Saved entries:
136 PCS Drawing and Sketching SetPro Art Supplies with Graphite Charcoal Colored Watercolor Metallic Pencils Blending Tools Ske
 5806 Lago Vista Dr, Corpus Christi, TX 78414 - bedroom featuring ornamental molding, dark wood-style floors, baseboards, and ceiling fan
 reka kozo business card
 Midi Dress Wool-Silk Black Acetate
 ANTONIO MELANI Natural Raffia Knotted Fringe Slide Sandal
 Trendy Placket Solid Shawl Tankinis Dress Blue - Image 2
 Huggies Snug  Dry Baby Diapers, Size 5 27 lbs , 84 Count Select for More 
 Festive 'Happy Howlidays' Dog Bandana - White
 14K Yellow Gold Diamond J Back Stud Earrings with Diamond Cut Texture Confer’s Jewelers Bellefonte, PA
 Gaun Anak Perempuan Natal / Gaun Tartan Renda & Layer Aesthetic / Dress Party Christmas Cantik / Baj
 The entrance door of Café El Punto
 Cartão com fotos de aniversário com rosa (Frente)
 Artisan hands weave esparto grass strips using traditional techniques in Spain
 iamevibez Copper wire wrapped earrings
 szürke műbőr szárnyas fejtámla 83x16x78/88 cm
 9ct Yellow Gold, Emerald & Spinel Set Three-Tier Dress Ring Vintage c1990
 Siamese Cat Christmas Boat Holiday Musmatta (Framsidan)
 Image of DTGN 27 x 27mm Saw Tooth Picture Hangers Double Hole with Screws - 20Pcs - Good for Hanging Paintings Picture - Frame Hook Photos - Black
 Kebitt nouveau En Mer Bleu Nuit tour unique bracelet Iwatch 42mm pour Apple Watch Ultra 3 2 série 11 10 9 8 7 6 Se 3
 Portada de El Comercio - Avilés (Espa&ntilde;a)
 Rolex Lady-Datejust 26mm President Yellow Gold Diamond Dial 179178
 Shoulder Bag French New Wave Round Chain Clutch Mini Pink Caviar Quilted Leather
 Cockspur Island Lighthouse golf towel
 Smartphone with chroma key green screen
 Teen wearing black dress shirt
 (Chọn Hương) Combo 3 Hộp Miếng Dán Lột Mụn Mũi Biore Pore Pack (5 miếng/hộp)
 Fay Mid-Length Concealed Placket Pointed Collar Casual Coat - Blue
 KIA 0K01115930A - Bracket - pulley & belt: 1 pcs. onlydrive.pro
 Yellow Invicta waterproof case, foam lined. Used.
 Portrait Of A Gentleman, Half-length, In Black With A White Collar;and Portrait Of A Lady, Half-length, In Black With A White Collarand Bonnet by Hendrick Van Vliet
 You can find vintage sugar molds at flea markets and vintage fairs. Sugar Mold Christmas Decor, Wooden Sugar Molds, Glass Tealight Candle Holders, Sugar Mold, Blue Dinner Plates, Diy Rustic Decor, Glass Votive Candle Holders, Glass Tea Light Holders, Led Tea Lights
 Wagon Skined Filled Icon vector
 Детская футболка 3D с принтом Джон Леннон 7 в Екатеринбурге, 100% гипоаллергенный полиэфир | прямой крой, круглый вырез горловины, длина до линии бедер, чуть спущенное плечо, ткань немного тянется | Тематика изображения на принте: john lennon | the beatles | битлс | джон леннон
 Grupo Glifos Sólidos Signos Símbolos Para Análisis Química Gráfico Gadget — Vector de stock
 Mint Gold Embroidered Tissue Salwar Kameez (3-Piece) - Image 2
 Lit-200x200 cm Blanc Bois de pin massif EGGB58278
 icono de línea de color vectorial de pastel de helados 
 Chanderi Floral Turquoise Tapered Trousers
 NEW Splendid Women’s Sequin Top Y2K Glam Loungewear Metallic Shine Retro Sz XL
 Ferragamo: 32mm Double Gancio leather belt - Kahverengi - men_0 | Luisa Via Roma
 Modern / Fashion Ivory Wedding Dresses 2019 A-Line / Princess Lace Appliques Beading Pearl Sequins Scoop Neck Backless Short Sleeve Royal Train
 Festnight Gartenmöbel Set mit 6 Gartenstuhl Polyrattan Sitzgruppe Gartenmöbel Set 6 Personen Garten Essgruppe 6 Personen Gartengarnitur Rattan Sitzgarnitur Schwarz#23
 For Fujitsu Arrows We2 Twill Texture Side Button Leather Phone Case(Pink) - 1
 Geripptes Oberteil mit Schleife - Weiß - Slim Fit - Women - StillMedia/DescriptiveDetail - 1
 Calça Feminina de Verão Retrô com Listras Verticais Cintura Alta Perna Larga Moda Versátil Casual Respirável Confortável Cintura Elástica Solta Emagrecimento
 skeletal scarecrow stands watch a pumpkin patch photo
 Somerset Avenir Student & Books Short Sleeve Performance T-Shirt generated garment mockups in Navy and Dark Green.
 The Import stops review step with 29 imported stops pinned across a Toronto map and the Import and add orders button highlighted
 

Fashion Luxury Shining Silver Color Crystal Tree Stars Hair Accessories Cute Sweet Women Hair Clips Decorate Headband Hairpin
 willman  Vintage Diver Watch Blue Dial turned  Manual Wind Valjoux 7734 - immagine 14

Problem :: For this exercise, give every entry again exactly as it appears.

Solution for this problem ::
136 PCS Drawing and Sketching SetPro Art Supplies with Graphite Charcoal Colored Watercolor Metallic Pencils Blending Tools Ske
 5806 Lago Vista Dr, Corpus Christi, TX 78414 - bedroom featuring ornamental molding, dark wood-style floors, baseboards, and ceiling fan
 reka kozo business card
 Midi Dress Wool-Silk Black Acetate
 ANTONIO MELANI Natural Raffia Knotted Fringe Slide Sandal
 Trendy Placket Solid Shawl Tankinis Dress Blue - Image 2
 Huggies Snug  Dry Baby Diapers, Size 5 27 lbs , 84 Count Select for More 
 Festive 'Happy Howlidays' Dog Bandana - White
 14K Yellow Gold Diamond J Back Stud Earrings with Diamond Cut Texture Confer’s Jewelers Bellefonte, PA
 Gaun Anak Perempuan Natal / Gaun Tartan Renda & Layer Aesthetic / Dress Party Christmas Cantik / Baj
 The entrance door of Café El Punto
 Cartão com fotos de aniversário com rosa (Frente)
 Artisan hands weave esparto grass strips using traditional techniques in Spain
 iamevibez Copper wire wrapped earrings
 szürke műbőr szárnyas fejtámla 83x16x78/88 cm
 9ct Yellow Gold, Emerald & Spinel Set Three-Tier Dress Ring Vintage c1990
 Siamese Cat Christmas Boat Holiday Musmatta (Framsidan)
 Image of DTGN 27 x 27mm Saw Tooth Picture Hangers Double Hole with Screws - 20Pcs - Good for Hanging Paintings Picture - Frame Hook Photos - Black
 Kebitt nouveau En Mer Bleu Nuit tour unique bracelet Iwatch 42mm pour Apple Watch Ultra 3 2 série 11 10 9 8 7 6 Se 3
 Portada de El Comercio - Avilés (Espa&ntilde;a)
 Rolex Lady-Datejust 26mm President Yellow Gold Diamond Dial 179178
 Shoulder Bag French New Wave Round Chain Clutch Mini Pink Caviar Quilted Leather
 Cockspur Island Lighthouse golf towel
 Smartphone with chroma key green screen
 Teen wearing black dress shirt
 (Chọn Hương) Combo 3 Hộp Miếng Dán Lột Mụn Mũi Biore Pore Pack (5 miếng/hộp)
 Fay Mid-Length Concealed Placket Pointed Collar Casual Coat - Blue
 KIA 0K01115930A - Bracket - pulley & belt: 1 pcs. onlydrive.pro
 Yellow Invicta waterproof case, foam lined. Used.
 Portrait Of A Gentleman, Half-length, In Black With A White Collar;and Portrait Of A Lady, Half-length, In Black With A White Collarand Bonnet by Hendrick Van Vliet
 You can find vintage sugar molds at flea markets and vintage fairs. Sugar Mold Christmas Decor, Wooden Sugar Molds, Glass Tealight Candle Holders, Sugar Mold, Blue Dinner Plates, Diy Rustic Decor, Glass Votive Candle Holders, Glass Tea Light Holders, Led Tea Lights
 Wagon Skined Filled Icon vector
 Детская футболка 3D с принтом Джон Леннон 7 в Екатеринбурге, 100% гипоаллергенный полиэфир | прямой крой, круглый вырез горловины, длина до линии бедер, чуть спущенное плечо, ткань немного тянется | Тематика изображения на принте: john lennon | the beatles | битлс | джон леннон
 Grupo Glifos Sólidos Signos Símbolos Para Análisis Química Gráfico Gadget — Vector de stock
 Mint Gold Embroidered Tissue Salwar Kameez (3-Piece) - Image 2
 Lit-200x200 cm Blanc Bois de pin massif EGGB58278
 icono de línea de color vectorial de pastel de helados 
 Chanderi Floral Turquoise Tapered Trousers
 NEW Splendid Women’s Sequin Top Y2K Glam Loungewear Metallic Shine Retro Sz XL
 Ferragamo: 32mm Double Gancio leather belt - Kahverengi - men_0 | Luisa Via Roma
 Modern / Fashion Ivory Wedding Dresses 2019 A-Line / Princess Lace Appliques Beading Pearl Sequins Scoop Neck Backless Short Sleeve Royal Train
 Festnight Gartenmöbel Set mit 6 Gartenstuhl Polyrattan Sitzgruppe Gartenmöbel Set 6 Personen Garten Essgruppe 6 Personen Gartengarnitur Rattan Sitzgarnitur Schwarz#23
 For Fujitsu Arrows We2 Twill Texture Side Button Leather Phone Case(Pink) - 1
 Geripptes Oberteil mit Schleife - Weiß - Slim Fit - Women - StillMedia/DescriptiveDetail - 1
 Calça Feminina de Verão Retrô com Listras Verticais Cintura Alta Perna Larga Moda Versátil Casual Respirável Confortável Cintura Elástica Solta Emagrecimento
 skeletal scarecrow stands watch a pumpkin patch photo
 Somerset Avenir Student & Books Short Sleeve Performance T-Shirt generated garment mockups in Navy and Dark Green.
 The Import stops review step with 29 imported stops pinned across a Toronto map and the Import and add orders button highlighted
 

Fashion Luxury Shining Silver Color Crystal Tree Stars Hair Accessories Cute Sweet Women Hair Clips Decorate Headband Hairpin
 willman  Vintage Diver Watch Blue Dial turned  Manual Wind Valjoux 7734 - immagine 14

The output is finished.